Evitons les polémiques…
Il existe, au sein du Qour’aane et des Hadiths rapportés du Prophète Mouhammad (sallâllâhou alayhi wa sallam), de nombreuses références qui nous indiquent que l’ensemble des faits et gestes de chaque individu sur cette terre sont soigneusement inscrits.
Et chacun aura a répondre, le Jour Final, des actes qu’il a fait durant son existence. Allah nous avertit dans le Qour’aane de ce qui se passera alors:
Et le jour où les ennemis d’Allah seront rassemblés en masse vers le Feu… Puis on les poussera [dans sa direction].

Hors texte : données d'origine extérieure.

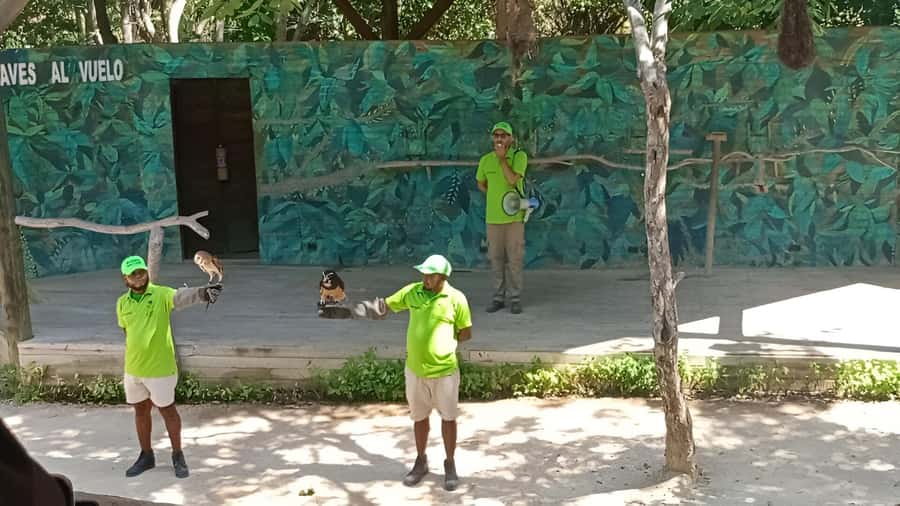 Cartagena: Daytour Aviary and Playa blanca, Barú by bus! - Why combine the aviary with Playa Blanca?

Alors, quant ils y seront, leur ouïe, leurs yeux et leurs peaux témoigneront contre eux de ce qu’ils œuvraient.
Ils diront à leur peaux : « Pourquoi avez-vous témoigné contre nous ? » Elles diront : « C’est Allah qui nous a fait parler, Lui qui fait parler toute chose. C’est Lui qui vous a créés une première fois et c’est vers Lui que vous serez retournés ».
Vous ne pouvez vous cacher au point que ni votre ouïe, ni vos yeux et ni vos peaux ne puissent témoigner contre vous. Mais vous pensiez qu’Allah ne savait pas beaucoup de ce que vous faisiez.
(Sourate 41 / Versets 19 à 22)
Il faut cependant reconnaître que le croyant, s’il a toujours plus ou moins conscience des conséquences de ses actions, il n’est pas rare de constater qu’il porte beaucoup moins attention aux propos qu’il tient… Pourtant, là encore, le Qour’aane nous apprend que chaque mot que nous prononçons est immédiatement consigné, que ce soit des paroles en bien ou en mal. Et le Jour du Jugement Dernier, nous aurons également à répondre de ces propos. Allah dit:
Nous avons effectivement créé l’homme et Nous savons ce que son âme lui suggère et Nous sommes plus près de lui que sa veine jugulaire
quand les deux recueillant, assis à droite et à gauche, recueillent.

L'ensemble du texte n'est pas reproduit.